Argo - One-Click Permaweb
Argo offers the ability to deploy a website/ frontend app on the Blockweave in a seamless manner with just one click. Argo itself is a decentralized deployment and management platform that brings Arweave’s properties such as: one time fee, 100% uptime, permanent and immutable, decentralized storage and censorship-resistance which are all critical to any crypto application. The native $ARGO token is not only used for platform transaction fees and governance but also provides utility when staked in the form of discounts and certain VIP features.
Verto - Decentralized Exchange
Verto is a decentralized exchange built on Blockweave meant for the trading of Arweave ecosystem PSTs such as the $ARDRIVE and $ARGO tokens.
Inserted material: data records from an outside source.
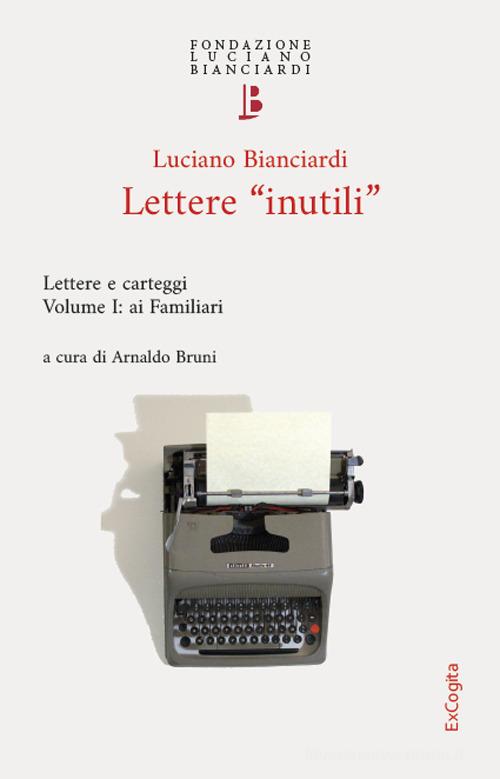 Lettere «inutili». Lettere e carteggi vol. 1 di Luciano Bianciardi edito da ExCogita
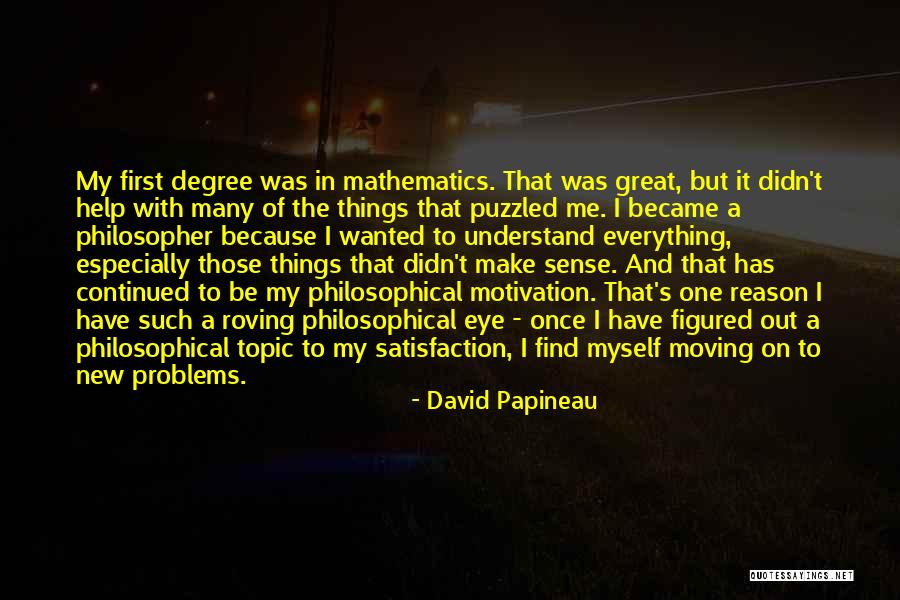 Kazufumi Umeda Quotes By David Papineau Kazufumi Umeda Quotes By David Papineau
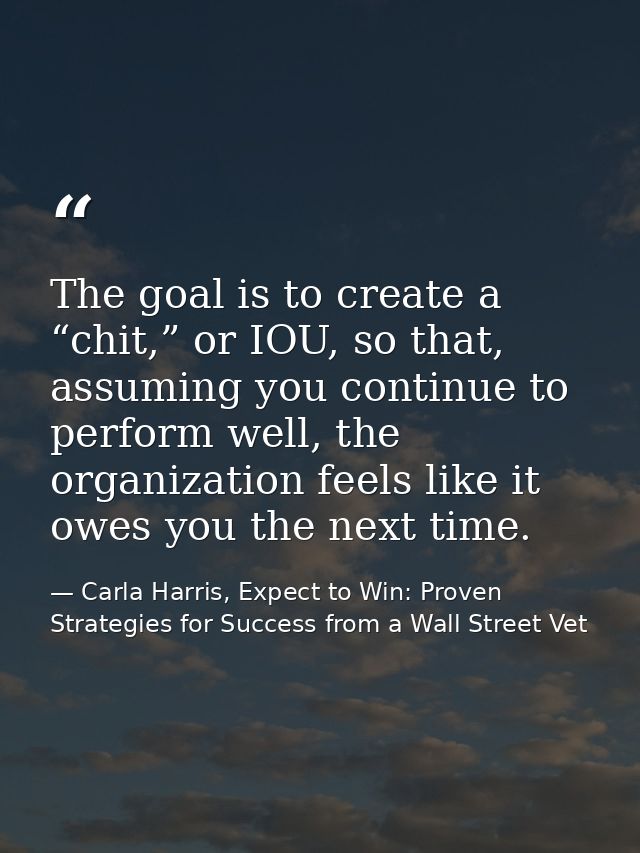 The goal is to create a “chit,” or IOU, so that, assuming you continue to perform well, the organization feels like it o — Carla Harris, Expect to Win: Proven Strategies for Success from a Wall Street Vet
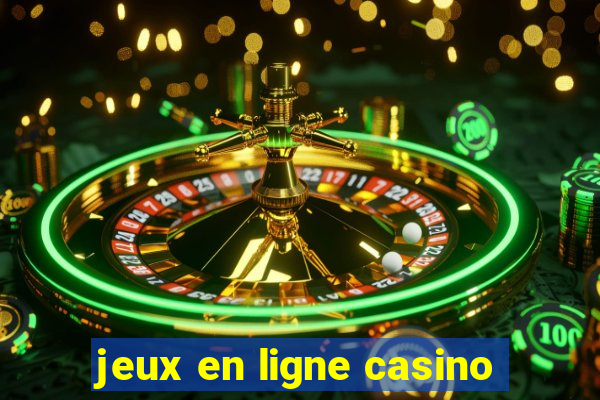 jeux en ligne casino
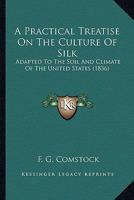 A Practical Treatise On The Culture Of Silk: Adapted To The Soil And Climate Of The United States 1163885975 Book Cover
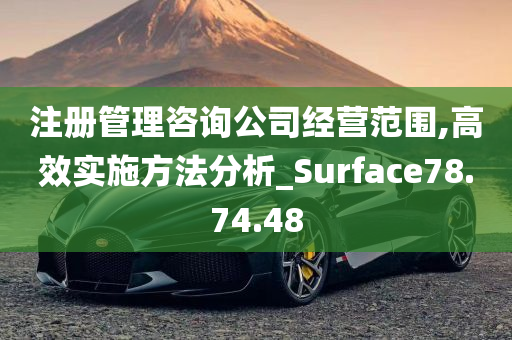 注册管理咨询公司经营范围,高效实施方法分析_Surface78.74.48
The native Verto token $VRT is used both for governance and accrue value by earning a volume-weighted index of all PSTs being traded on the exchange (0.5% of all PST transactions made on the exchange are sent to $VRT holders).
Gitopia - Open-Source Code Repository
Gitopia offers decentralized and permanent code repositories, an immutable Github-style platform. Open-source, source code that is made freely available for possible modification and redistribution, has become a major strategy for independent developers and large corporations alike to share projects for widespread use and adoption. Github being the primary source for open-source software has a flaw where the code is exposed to the risks associated with centralized datacenters. Github itself, understanding this flaw started the Arctic Code Vault, capturing a snapshot of every active public repository and storing it in a decommissioned coal mine in Norway. For Github to do this proves the extreme criticality and need for a permanent, decentralized and immutable code repository.
Sarcophagus - Dead Man’s Switch
Sarcophagus is a dead man’s switch and smart contracting network hosted on Arweave, allowing users to create a general purpose, self-sovereign, digital dead man’s switch. Arweave’s properties are critical in ensuring the integrity of a dead man’s switch and has the following use-cases: will/ trust, password recovery, credential passdown, political activism, key material backup and emergency communication.
Weve - Permanent & Private E-mail
Weve is an opensource, decentralized email platform with an immutable privacy policy, since the policy itself is built into the Blockweave it cannot be changed.
fQRweave - Supply Chain Management
fQRweave is an anti-counterfeiting solution for the commonly used QR code standard. A current flaw with the QR code is that they can be replicated or faked, for example leading consumers to a fake website. fQRweave solves this as each one is unique and immutable because it is actually the ID of an Arweave data transaction. A real-life example use-case would be supermarket product codes, where retailer of a product holding an fQRweave cannot change the expiry date, discount offers, market price or country of origin. The team recently partnered with mask and sanitizer manufacturer, making progress in retail adoption of the new technology.
Mirror - Writing and Publishing Platform
Mirror is a writing and publishing platform geared towards the unique needs of authors themselves. Decentralized and user-owned, Mirror utilizes Arweave’s profit sharing community technology to ensure that writers are rewarded based on the content they create.